On Wednesday morning, we received the shocking news that our long-time executive editor, Jim Smith, had passed away.
Just hours before I was sitting in Jim's office discussing both business and pleasure, including talk of his twin grandsons, which always brought a smile to his face and a bubbly enthusiasm to his demeanor.
I've worked for dozens of editors and publishers over the past 37 years and Jim Smith is perhaps the most memorable.
He was old school. He learned the ropes by being a police reporter.
There's perhaps no better way to learn this business than from the ground up.
It teaches you not only the importance of accuracy, but also that you must develop relationships with those you cover, for being a newspaper person involves trust.
Like anyone else who excels at what they do, Jim had good instincts.
He knew what was a good story, and what wasn't.
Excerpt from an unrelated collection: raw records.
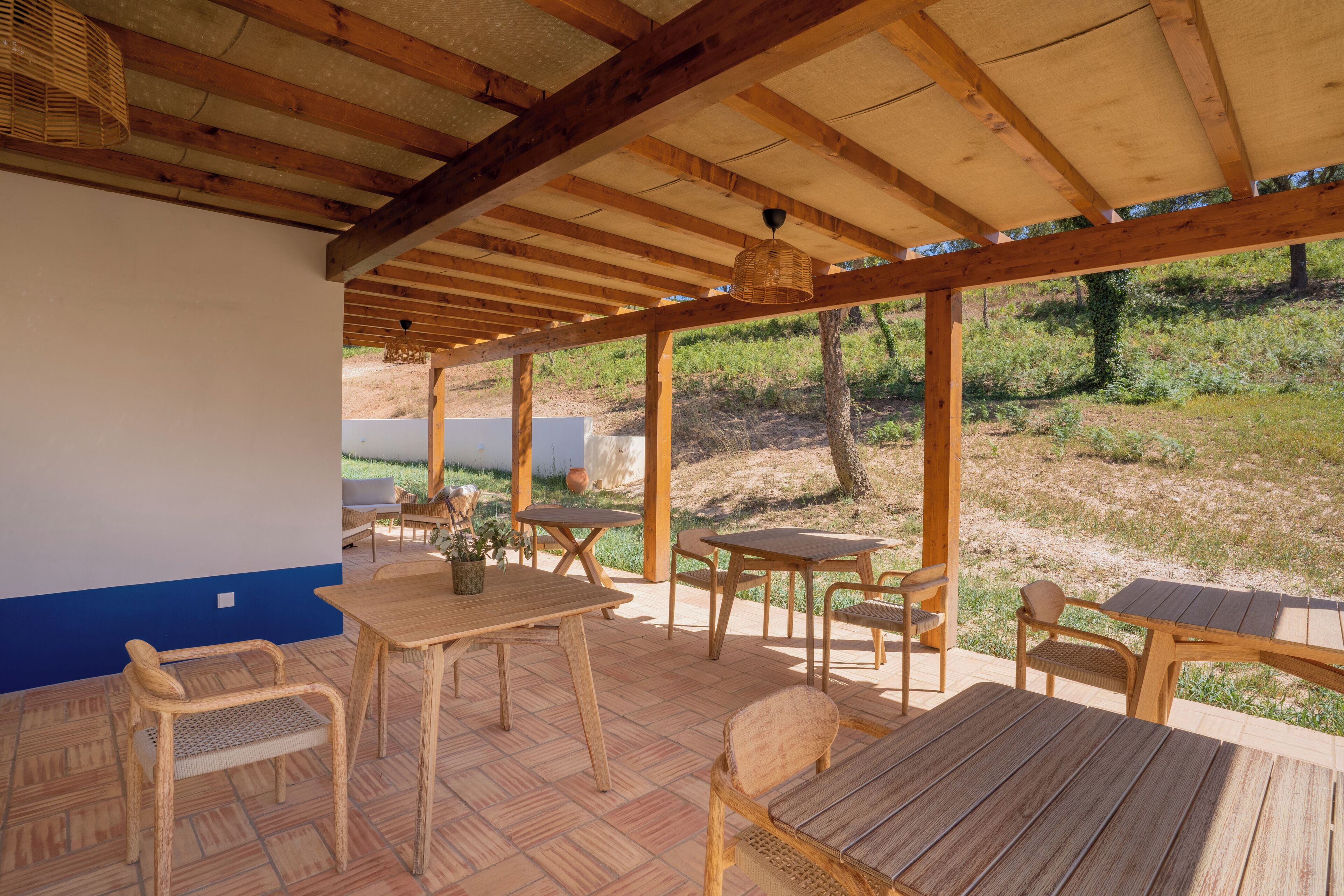An outdoor patio with wooden tables and chairs, a covered area with a wooden ceiling, and a view of a grassy landscape.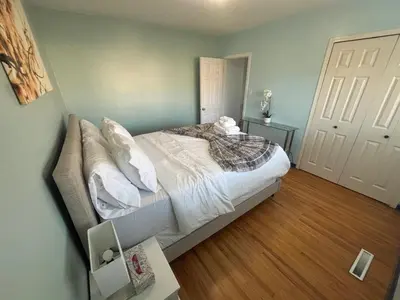 a bedroom with a bed with white sheets and pillows at Charming Bright 3BR House - Upper Level Suite in Burnaby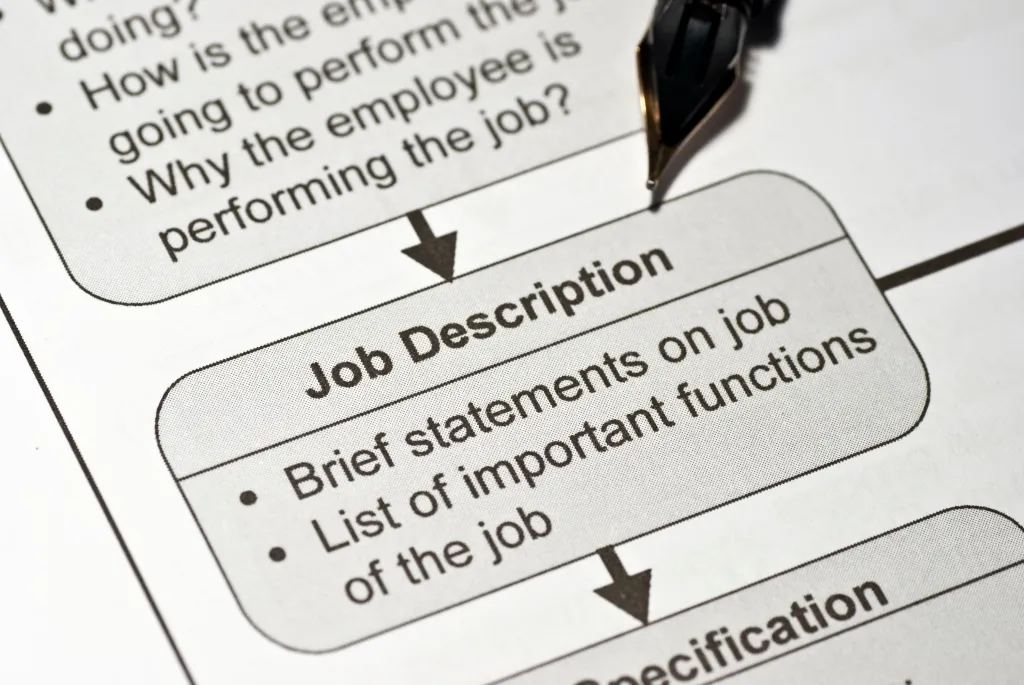 A fountain pen pointing to a job description document with bullet points about statements and functions.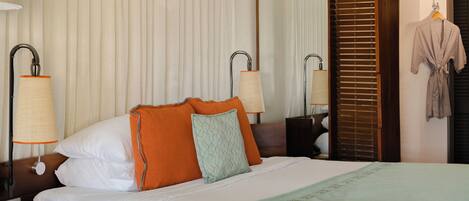A hotel room with a neatly made bed, two bedside lamps, a large mirror, and a robe hanging on the door.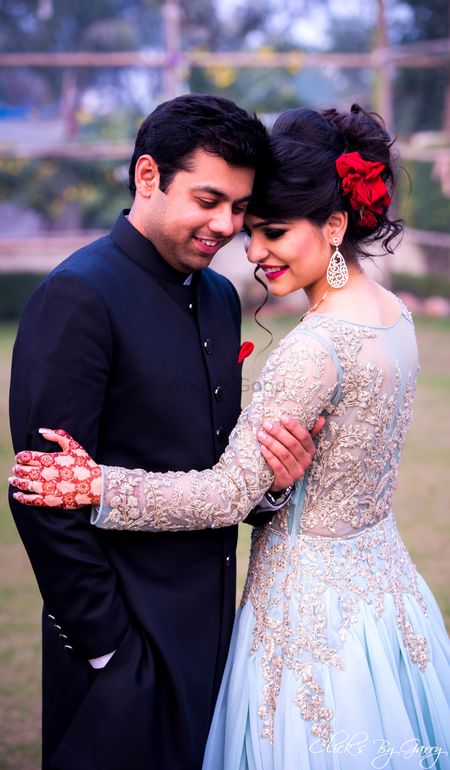 Engagement look with sheer pale blue gown and red roses in hair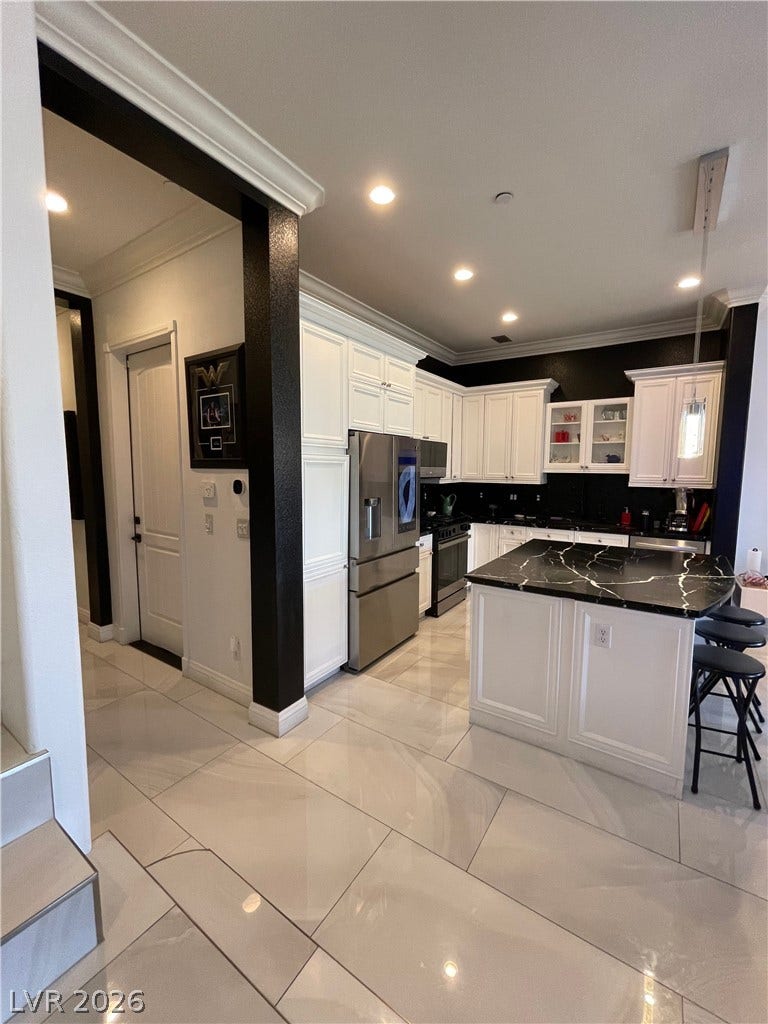 30 Via Vasari, #102, Henderson, NV 89011 Polished tile flooring guides the eye through a modern kitchen featuring a stone-topped island.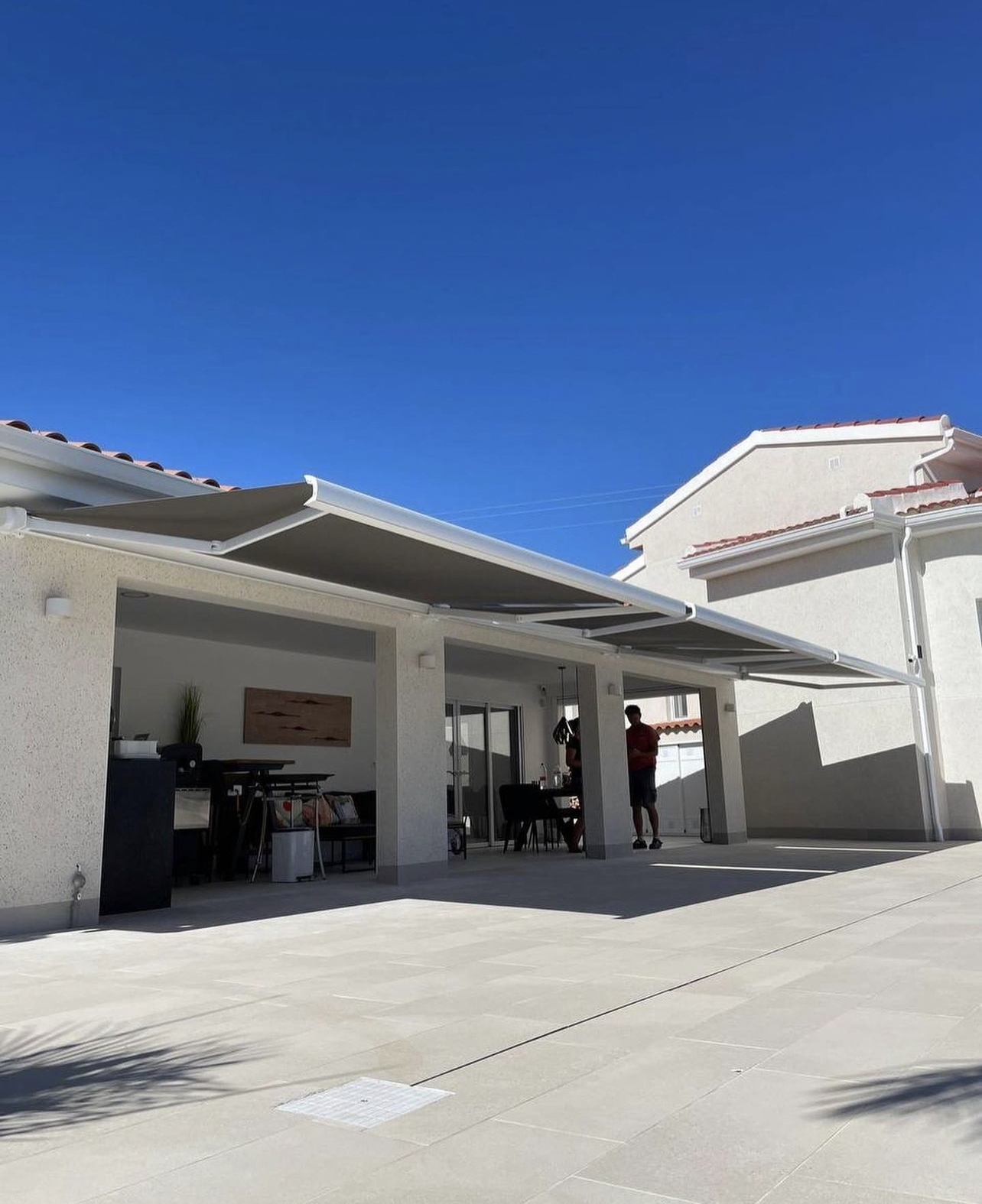 Terraza de departamento moderna con cierre de cristal plegable, amoblada con sofá. Terraza protegida del clima.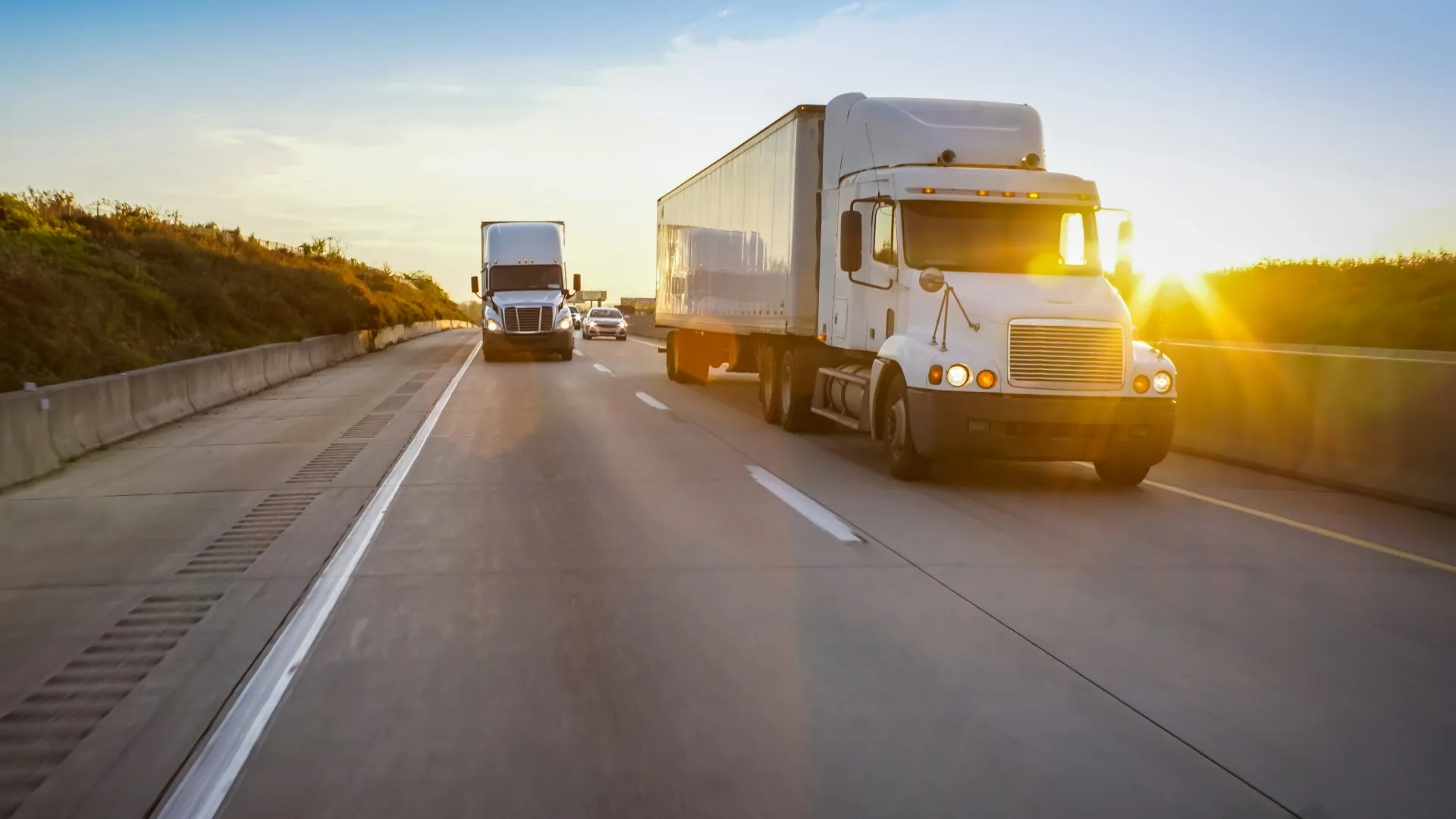 Two semi trucks driving down a highway toward the camera at sunset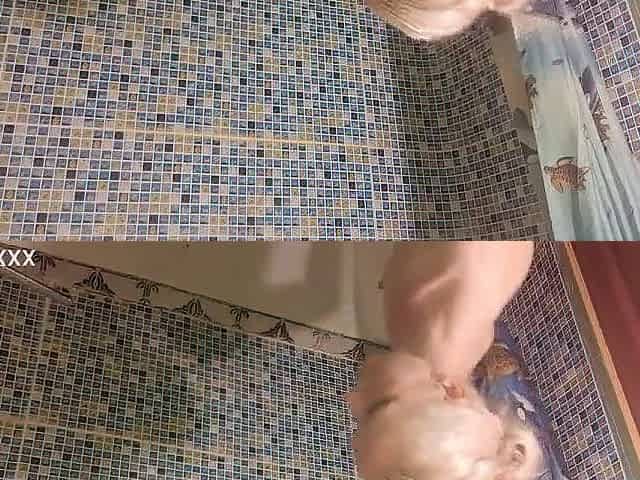 A short dude licks and bangs a much taller, slim, aged amateur in the washroom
While he wasn't from Parkersburg, it didn't take him long to become one of us and to get involved in community affairs, both as an interested citizen who belonged to several fraternal organizations as well as a newspaper editor who wasn't afraid to take a stand on controversial issues in the hopes of making this a better place to live.
Jim was the first to arrive at the paper each day, usually coming through the door at 7 a.m.
He wouldn't leave until his last task was accomplished.
That usually meant the minimum of a 10-hour day. He knew being an editor meant long hours and little praise. Yet, he took pride in his work and in our product.
Jim and I didn't always agree. I lost a lot of 1-to-1 votes since he outranked me. But more often than not, once I tried things his way, I could see that it was indeed the better way.
Jim was a good writer, not to mention one that wasn't afraid to take a courageous and sometimes unpopular stand.
He had the courage to take on public officials, knowing in doing so he would incur their wrath as well as the wrath of their fervent supporters.
While some editors don't grasp the impact of sports on society, Jim not only understood, but he himself loved sports, especially Ohio State University and the Pittsburgh Pirates.
"Go Bucs!" he would say as he left the newspaper office when either the Buckeyes or the Buccos were playing that night.
Of course, if they lost, he might be greeted by a copy of the article about the game being taped to his office door the next morning.
Jim was more than just my boss.
He was my friend and my mentor.
Even though the newsroom remains a bustling place, it seems empty without his presence.